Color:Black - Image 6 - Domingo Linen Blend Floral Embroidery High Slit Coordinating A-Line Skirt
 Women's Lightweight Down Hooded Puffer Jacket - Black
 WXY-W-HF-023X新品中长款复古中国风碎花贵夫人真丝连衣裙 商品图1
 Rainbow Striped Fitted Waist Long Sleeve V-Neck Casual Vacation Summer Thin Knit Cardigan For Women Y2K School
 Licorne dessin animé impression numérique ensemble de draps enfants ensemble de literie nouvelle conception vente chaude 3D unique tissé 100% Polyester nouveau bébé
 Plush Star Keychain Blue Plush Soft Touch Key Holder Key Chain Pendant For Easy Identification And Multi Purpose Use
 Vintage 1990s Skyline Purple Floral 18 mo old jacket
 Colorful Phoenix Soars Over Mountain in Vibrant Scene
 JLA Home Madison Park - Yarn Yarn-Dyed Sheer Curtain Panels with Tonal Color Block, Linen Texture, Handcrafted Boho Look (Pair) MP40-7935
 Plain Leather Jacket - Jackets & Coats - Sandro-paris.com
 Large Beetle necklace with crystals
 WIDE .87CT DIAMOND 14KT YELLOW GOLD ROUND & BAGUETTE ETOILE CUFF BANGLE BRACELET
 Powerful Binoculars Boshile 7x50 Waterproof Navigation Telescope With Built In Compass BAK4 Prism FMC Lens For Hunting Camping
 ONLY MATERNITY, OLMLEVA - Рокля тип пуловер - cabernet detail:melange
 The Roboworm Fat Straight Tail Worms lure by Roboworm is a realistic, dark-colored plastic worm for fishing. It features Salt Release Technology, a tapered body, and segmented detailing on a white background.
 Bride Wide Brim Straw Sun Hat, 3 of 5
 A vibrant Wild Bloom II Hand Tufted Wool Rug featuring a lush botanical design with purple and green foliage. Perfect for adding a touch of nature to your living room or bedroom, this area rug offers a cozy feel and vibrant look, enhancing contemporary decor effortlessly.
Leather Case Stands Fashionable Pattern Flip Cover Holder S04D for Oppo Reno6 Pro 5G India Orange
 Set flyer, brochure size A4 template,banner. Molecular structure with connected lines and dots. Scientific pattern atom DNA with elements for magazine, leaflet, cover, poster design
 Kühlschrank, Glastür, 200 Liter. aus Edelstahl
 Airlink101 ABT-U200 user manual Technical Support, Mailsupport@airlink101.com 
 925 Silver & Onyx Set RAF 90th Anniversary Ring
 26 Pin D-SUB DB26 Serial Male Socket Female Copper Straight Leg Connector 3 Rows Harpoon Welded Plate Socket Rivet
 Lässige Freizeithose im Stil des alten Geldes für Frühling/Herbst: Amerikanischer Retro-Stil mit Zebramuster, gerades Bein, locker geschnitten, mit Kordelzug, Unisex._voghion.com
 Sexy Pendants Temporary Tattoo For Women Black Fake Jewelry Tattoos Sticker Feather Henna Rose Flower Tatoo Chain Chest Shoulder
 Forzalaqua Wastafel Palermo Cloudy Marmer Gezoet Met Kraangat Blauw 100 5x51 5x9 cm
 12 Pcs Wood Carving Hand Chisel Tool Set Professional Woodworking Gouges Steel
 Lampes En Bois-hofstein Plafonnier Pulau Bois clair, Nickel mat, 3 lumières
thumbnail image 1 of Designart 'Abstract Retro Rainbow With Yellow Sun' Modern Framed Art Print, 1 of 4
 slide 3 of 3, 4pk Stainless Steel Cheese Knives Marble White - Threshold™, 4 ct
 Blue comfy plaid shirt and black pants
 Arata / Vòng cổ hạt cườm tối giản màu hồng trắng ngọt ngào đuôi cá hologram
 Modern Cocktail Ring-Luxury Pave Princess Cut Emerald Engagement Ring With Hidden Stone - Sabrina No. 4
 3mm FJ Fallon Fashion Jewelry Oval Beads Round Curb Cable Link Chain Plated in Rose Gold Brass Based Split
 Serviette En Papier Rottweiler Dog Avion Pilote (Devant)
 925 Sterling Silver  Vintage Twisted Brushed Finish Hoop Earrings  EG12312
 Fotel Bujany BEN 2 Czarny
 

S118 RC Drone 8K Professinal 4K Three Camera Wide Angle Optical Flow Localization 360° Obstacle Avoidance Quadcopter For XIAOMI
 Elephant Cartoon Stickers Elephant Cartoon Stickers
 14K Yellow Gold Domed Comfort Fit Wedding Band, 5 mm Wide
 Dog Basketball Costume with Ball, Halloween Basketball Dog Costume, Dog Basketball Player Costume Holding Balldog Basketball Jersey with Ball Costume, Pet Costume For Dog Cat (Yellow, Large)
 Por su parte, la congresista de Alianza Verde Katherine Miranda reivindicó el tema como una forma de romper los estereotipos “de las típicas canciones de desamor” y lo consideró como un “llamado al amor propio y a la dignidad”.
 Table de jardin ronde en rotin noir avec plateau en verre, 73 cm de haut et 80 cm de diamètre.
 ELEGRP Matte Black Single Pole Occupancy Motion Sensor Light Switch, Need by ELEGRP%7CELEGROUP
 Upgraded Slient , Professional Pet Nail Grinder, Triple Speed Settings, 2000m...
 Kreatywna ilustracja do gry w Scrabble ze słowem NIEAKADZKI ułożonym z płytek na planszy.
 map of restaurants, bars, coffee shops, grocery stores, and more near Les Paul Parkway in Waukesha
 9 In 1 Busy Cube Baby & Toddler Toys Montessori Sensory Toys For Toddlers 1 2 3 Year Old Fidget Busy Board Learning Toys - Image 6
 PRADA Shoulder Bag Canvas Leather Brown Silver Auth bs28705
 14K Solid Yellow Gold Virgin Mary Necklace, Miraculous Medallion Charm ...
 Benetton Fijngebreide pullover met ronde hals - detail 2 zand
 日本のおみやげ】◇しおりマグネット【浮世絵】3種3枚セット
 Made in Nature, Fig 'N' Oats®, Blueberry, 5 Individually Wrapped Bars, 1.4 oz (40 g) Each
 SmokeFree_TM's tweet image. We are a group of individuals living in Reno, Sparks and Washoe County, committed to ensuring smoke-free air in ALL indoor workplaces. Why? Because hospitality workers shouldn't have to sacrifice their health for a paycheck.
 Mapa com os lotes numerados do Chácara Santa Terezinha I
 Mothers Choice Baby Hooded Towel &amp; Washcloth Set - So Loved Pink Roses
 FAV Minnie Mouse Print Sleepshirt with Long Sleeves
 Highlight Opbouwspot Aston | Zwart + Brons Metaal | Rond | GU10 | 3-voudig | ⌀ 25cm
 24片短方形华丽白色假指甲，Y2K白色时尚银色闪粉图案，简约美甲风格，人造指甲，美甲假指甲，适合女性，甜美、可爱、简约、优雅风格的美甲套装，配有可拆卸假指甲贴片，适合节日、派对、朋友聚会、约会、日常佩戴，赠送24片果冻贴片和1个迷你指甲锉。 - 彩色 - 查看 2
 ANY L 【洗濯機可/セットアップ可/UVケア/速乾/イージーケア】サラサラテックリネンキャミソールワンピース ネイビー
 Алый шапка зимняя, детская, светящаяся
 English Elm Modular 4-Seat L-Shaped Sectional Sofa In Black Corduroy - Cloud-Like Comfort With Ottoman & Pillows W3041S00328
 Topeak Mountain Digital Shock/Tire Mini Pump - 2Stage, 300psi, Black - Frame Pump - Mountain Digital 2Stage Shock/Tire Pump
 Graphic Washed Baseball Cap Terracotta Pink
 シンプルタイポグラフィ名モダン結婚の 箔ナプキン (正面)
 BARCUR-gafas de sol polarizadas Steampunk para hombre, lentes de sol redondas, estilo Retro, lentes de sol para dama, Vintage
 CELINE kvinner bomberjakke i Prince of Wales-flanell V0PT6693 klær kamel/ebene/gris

● ● ●

== ABOUT THIS TASK ==
The answer should consist of all lines from the records above that hold the word "Linen".

== EXERCISE RESULT ==
Color:Black - Image 6 - Domingo Linen Blend Floral Embroidery High Slit Coordinating A-Line Skirt
 JLA Home Madison Park - Yarn Yarn-Dyed Sheer Curtain Panels with Tonal Color Block, Linen Texture, Handcrafted Boho Look (Pair) MP40-7935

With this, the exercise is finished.